La France soutient l’ISDS prévu par TAFTA

A une époque, l’Allemagne avait réclamé le retrait de l’ISDS et la France avait fait mine de lui emboîter le pas. Puis une ligne plus mitigée est apparue, portée par le sous-ministre des affaires européennes Mathias Fekl. Il faut reconnaître à Mathias Fekl le respect de ses annonces: la France a effectivement attendu la fin de la consultation publique européenne sur l’ISDS pour proposer des amendements importants au texte d’origine.

Ce faisant, la France rallie de fait le principe de l’arbitrage international sur les questions d’investissement. Il est désormais difficile d’imaginer que celui-ci ne figure pas dans le texte final, avec d’éventuelles modifications obtenues par la France – mais personne ne peut savoir lesquelles.
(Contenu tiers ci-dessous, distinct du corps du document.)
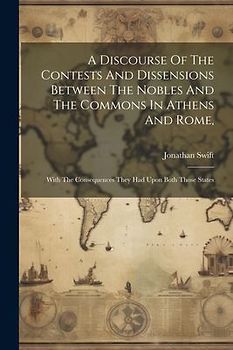 A Discourse Of The Contests And Dissensions Between The Nobles And The Commons In Athens And Rome,: With The Consequences They Had Upon Both Those Sta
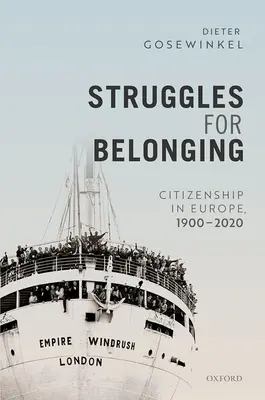 Lupte pentru apartenență: Cetățenia în Europa, 1900-2020 - Struggles for Belonging: Citizenship in Europe, 1900-2020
La France veut 'limiter" TAFTA

La note de la France se présente donc comme une document de compromis visant à apporter des limites aux contentieux lancés par les investisseurs privés, et des garanties sur l’indépendance de la procédure d’arbitrage.
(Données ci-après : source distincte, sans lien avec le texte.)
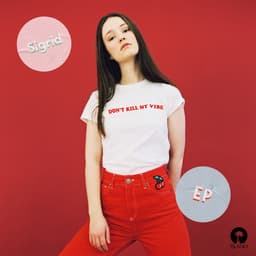 Release Cover Sigrid - Don't Kill My Vibe - EP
Dans la pratique, la France cherche à empêcher une rédaction qui permettrait à un investisseur de se sentir lésé par un changement de réglementation. Elle veut donc préciser de la façon la plus claire possible le concept "d’attente légitime" ou "d’expropriation indirecte" de l’investisseur, en excluant les cas où la réglementation change pour lutter contre une crise systémique, ou bien pour protéger la santé des citoyens.
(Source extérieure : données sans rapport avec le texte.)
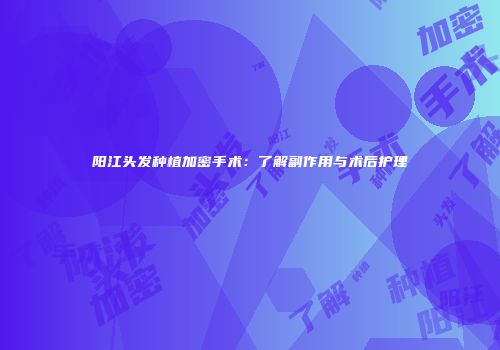 阳江头发种植加密手术：了解副作用与术后护理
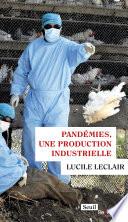 Pandémies, une production industrielle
On retiendra tout particulièrement ce texte :

Sous réserve que les mesures visées ci-après ne soient pas appliquées d’une manière incompatible avec les stipulations relatives au traitement juste et équitable ou comme une discrimination arbitraire ou une restriction déguisée aux investissements étrangers, les dispositions du présent accord ne saurait être interprétées comme empêchant l’adoption ou la mise en œuvre par une Partie Contractante des mesures nécessaires à :

(a) la protection de la moralité publique, ou au maintien de l’ordre et de la sécurité publiques dans les cas où une menace véritable et suffisamment grave pèse sur l’un des intérêts fondamentaux de la société ;

(b) la protection de la santé et de la vie des personnes et des animaux ou à la préservation des végétaux ;

(c) la protection et la mise en œuvre des standards sociaux et du droit du travail ;

(d) la conservation des ressources naturelles épuisables, lorsque des restrictions similaires sont appliquées à la production ou la consommation intérieure ;

(e) la mise en œuvre des lois ou réglementations qui ne sont pas incompatibles avec les dispositions du présent accord, y compris celles qui se rapportent à : i) la prévention des pratiques de nature à induire en erreur et frauduleuses ou aux moyens de remédier aux effets d’un manquement à des contrats; ii) la protection de la vie privée des personnes pour ce qui est du traitement et de la dissémination de données personnelles, ainsi qu’à la protection du caractère confidentiel des dossiers et comptes personnels; iii) la sécurité.

Ce faisant, on mesure tout le champ concerné par la rédaction actuelle du texte, qui risque de figer les réglementations existantes ou de permettre des recours en indemnisation tous azimuts dès qu’une loi change. La France propose en outre la création d’une cour d’arbitrage spécifique avec un code de déontologie particulier pour les arbitres.

Quels alliés pour la France?

Reste à savoir quelles alliances la France nouera pour faire passer sa position. La ligne allemande finale sera essentielle, mais elle est incertaine. Angela Merkel est en effet convaincue de la nécessité de ce traité, et a d’ores et déjà annoncé qu’elle s’y rallierait. Voilà une cartouche de moins dans l’arsenal français.

La France est désormais la seule à affirmer qu’elle ne signera pas si le mécanisme de l’ISDS n’est pas réformé comme elle le souhaite. On voit mal comment un tel isolationnisme serait possible.

Si l’on se souvient que les Européens sont pressés de signer le texte avant le départ d’Obama et l’arrivée d’une nouvelle équipe à la Maison-Blanche… on mesure la difficulté pour la France d’infléchir la négociation. Si elle arrive, elle aura fait une belle démonstration de sa capacité d’influence.